UNA FOIBA TRA I PASCOLI
La fóus di Balanceta sul monte Cjaurleç  in  Friuli
Ricordo triste della narrazione di un "testimone"

In Italia facciamo ancora fatica a rimarginare le ferite della seconda guerra mondiale, soprattutto le lacerazioni degli ultimi venti mesi, dall’otto settembre del 1943 al maggio del 1945. Ciò è dovuto al fatto che non abbiamo saputo (o voluto) fare apertamente e completamente i conti con la storia e tutte le vicende che in essa si sono succedute. Vicende che sono affatto lineari e bensì molto intricate, a volte contraddittorie, spesso drammatiche. Siamo pronti a riconoscere i crimini degli “altri”, connazionali o stranieri, e commemorarne le vittime ma non amiamo ricordare le “nostre cadute” che pure ci sono state. Tanto che molti tragici episodi che ci riguardano da vicino sono ancora sconosciuti alla maggioranza degli italiani. E poco noti persino nei luoghi dove sono avvenuti.

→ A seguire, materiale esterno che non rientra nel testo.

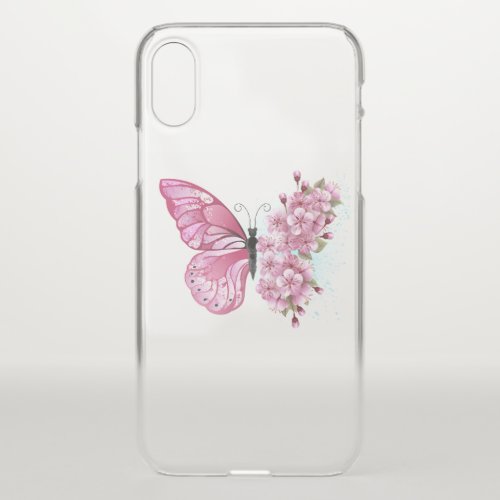 Flower Butterfly with Pink Sakura iPhone X Case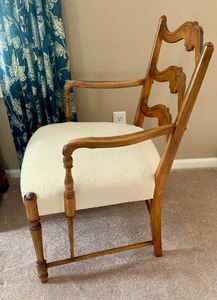 lot 79 image: Vintage Wooden Arm Chair with Upholstered Cream Seat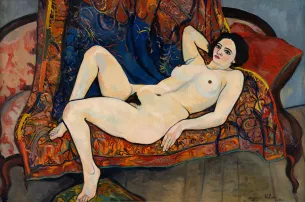 femme nue canapé rouge tableau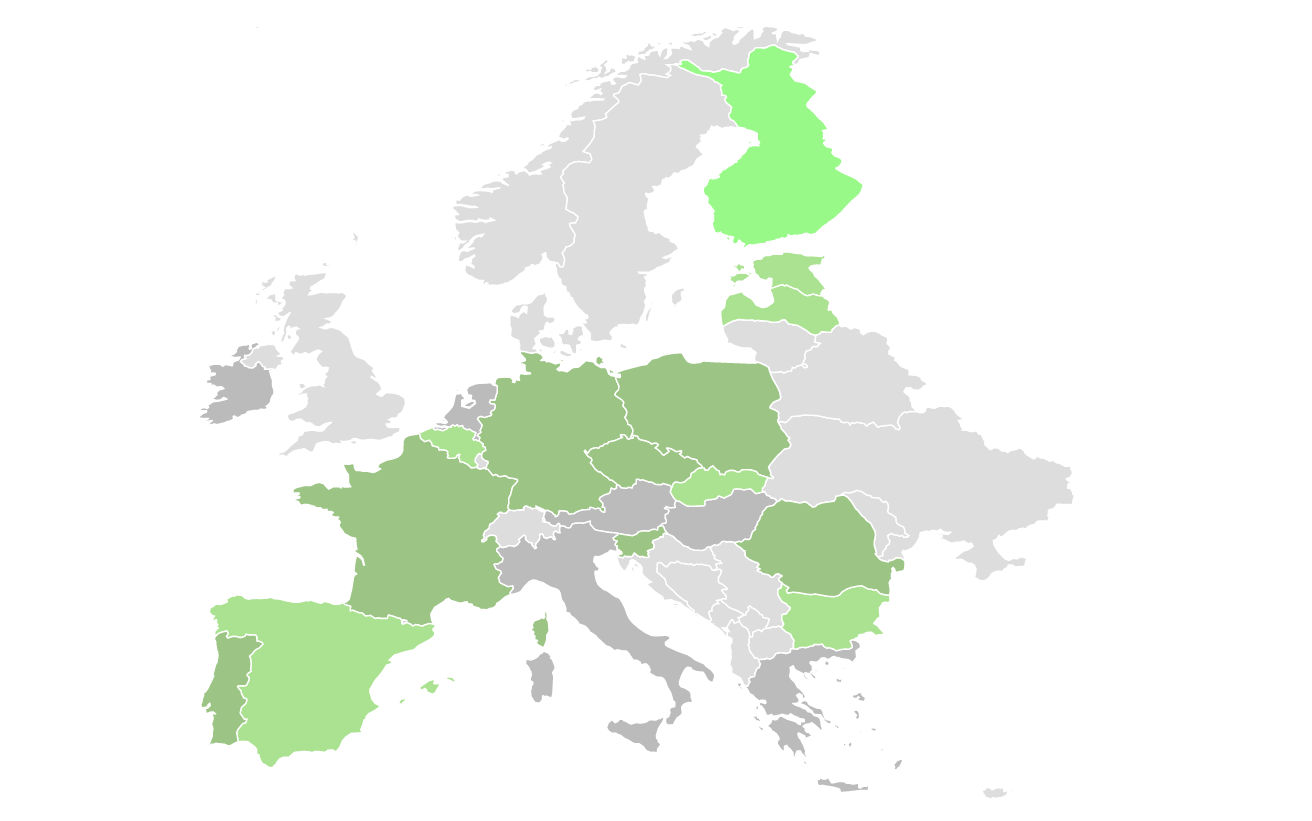 Map of Europe with country colour indicating the percent of green recovery spending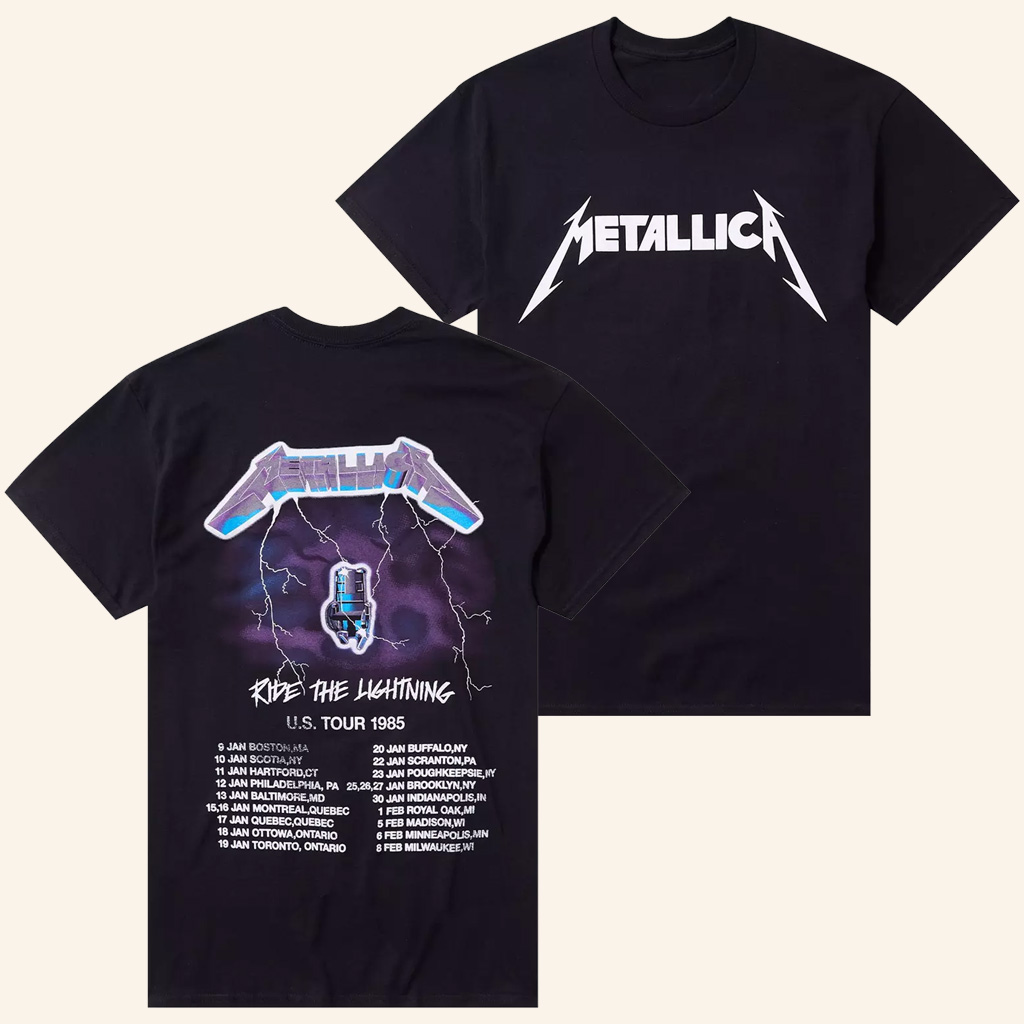 Metallica Merch Ride The Lightning Tour Dates T-Shirt Gifts For Music Fans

      In questo clima spesso è venuta a mancare persino la pietas per i caduti del fronte avverso, a volte uccisi senza colpa e in modo orribile. A Castelnovo del Friuli, in provincia di Pordenone, senza clamore, hanno dato dignità a tutti i morti, per causa degli eventi bellici, di quella terribile stagione. Infatti, a fianco dei soldati caduti nei primi anni del conflitto, sono riportati i dieci partigiani immolati per la libertà e il riscatto dell’Italia, tra cui la medaglia d’oro Virginia Tonelli, uccisa nella risiera di San Sabba a Trieste, un deportato in Germania, due volontari garibaldini caduti nella guerra civile spagnola e tre militi della R.S.I.. Alla guerra di liberazione, Castelnovo e gli altri comuni della pedemontana occidentale friulana, hanno dato un contributo di uomini, mezzi e sacrificio, eccezionale. Basterà ricordare che una delle prime azioni della resistenza italiana avvenne a Paludea, sede municipale del “paese che non c’è”, contro una colonna tedesca in transito; che uno dei più importanti comandi partigiani era situato nel castello Ceconi di Pielungo. Tra i martiri, trucidati dai nazifascisti, oltre alla Tonelli, bisogna ricordare almeno il diciannovenne Primo Zanetti, impiccato alla torre occidentale di Spilimbergo e il quindicenne Giovanni Missana, impiccato a un lampione del suo paese, Valeriano.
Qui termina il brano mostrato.